Dr van Zwanenberg also recommends parents look out for their child’s dwindling motivation such as abandoning extra-curricular activities and hobbies. "And negative thoughts like: 'I’m a boring person and rubbish at everything'."

Parent talking to her child about her mental health. (Getty Images)
Experts say it is important to encourage children to open up about how they are feeling. (Getty Images)

Recognising that a child or young person may be struggling with their mental health is the first step in helping them. The next step, according to experts, is to respond appropriately.

Encourage them to open up

Discussing poor mental health needs to be as normal as discussing physical health concerns. "Take a genuine interest in your child’s day, listen and be non-judgemental with any disclosures, even if they are really difficult to hear," advises Ali Curtis, national child and adolescent mental health nurse lead at Cygnet Health Care. "Young People need a safe space to share worries, concerns and fears without fear of being judged or getting in trouble."

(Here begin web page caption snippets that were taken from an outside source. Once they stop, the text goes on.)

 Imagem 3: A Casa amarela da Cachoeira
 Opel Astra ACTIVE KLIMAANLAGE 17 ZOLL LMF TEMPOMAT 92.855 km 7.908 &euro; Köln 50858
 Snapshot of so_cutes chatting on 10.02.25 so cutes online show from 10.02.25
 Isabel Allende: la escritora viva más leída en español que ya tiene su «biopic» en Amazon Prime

Find a conversation starter

Curtis says some parents find it helpful to use soap story lines or news headlines to start a difficult conversation.

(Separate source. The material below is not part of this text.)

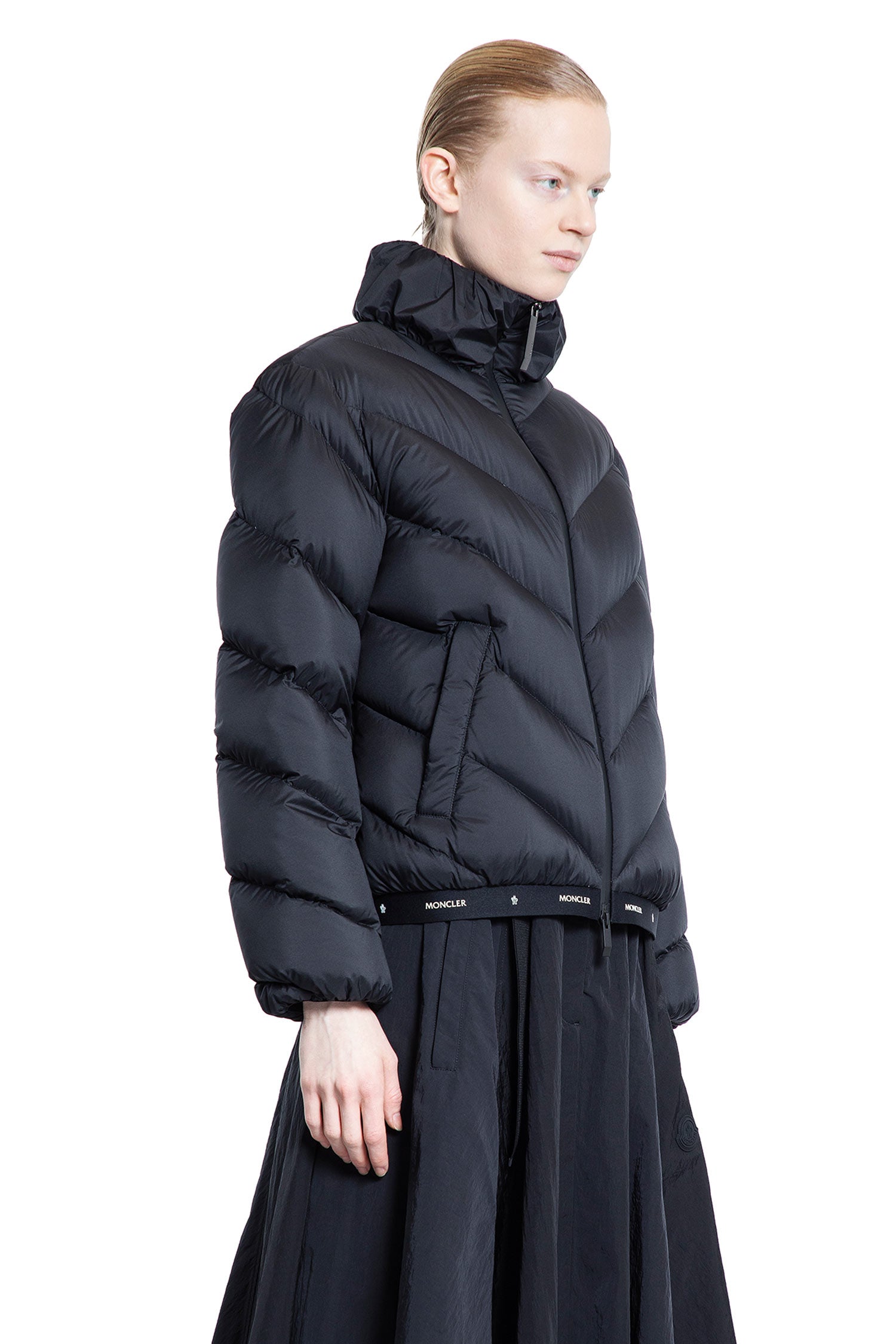 MONCLER WOMAN BLACK JACKETS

"Watching these shows together or discussing them can sometimes be a good ice breaker," she says. "It’s really important for parents to be open and honest and discuss what you’re worried or concerned about. Where possible, give your child choices about how to move forwards in accessing help, and when. Allowing your child to take some control in the process can be very empowering."

Try to avoid problem solving

There might be a temptation to try and go into problem solving mode and try and fix whatever is going on, and sometimes that might be appropriate. "Often however it is having their internal thoughts and feelings validated that makes the most difference," Dr Thompson explains.

Seek help

The first step for formal support is to see the GP. "From here different referrals for mental health professional input can be made, depending on your child’s difficulty," Curtis continues. "If you have concern for your child’s immediate safety, please take them to A&E."

It might be that parents themselves also need some support. "There are plenty of support groups that can provide some reassurance or strategies that might be helpful," Dr Thompson says. "There is a saying that suggests that we need to remember to look after ourselves so that we can help others, and this also applies to parents or carers helping their children."